» **YOUR ASSIGNMENT**
Output the listing word for word, minus pictures.

» **MATERIAL FOR THIS EXERCISE**
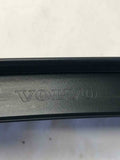 2005 VOLVO 40 SERIES Rear Door Trim Cover Panel Molding Left Side 08622653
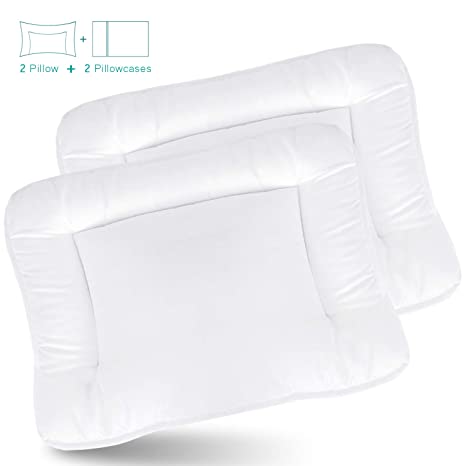 Baby Toddler Pillow  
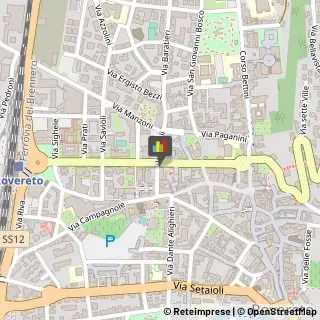 Società Immobiliari Rovereto,38068Trento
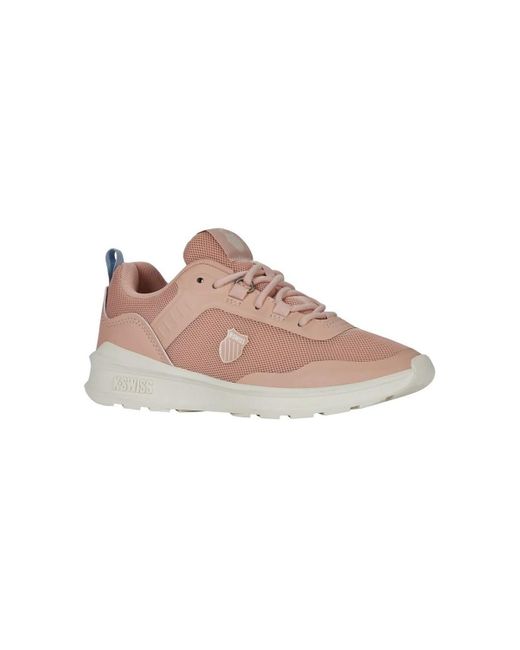 Baskets basses Vista K-swiss en coloris Gray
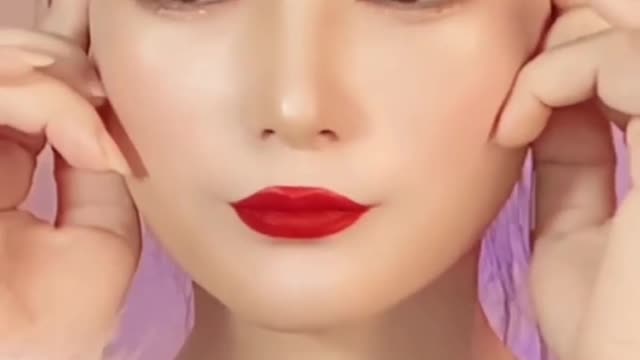 Face chenging live black to white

» **EXERCISE ANSWER**
 2005 VOLVO 40 SERIES Rear Door Trim Cover Panel Molding Left Side 08622653
 Baby Toddler Pillow  
 Società Immobiliari Rovereto,38068Trento
 Baskets basses Vista K-swiss en coloris Gray
 Face chenging live black to white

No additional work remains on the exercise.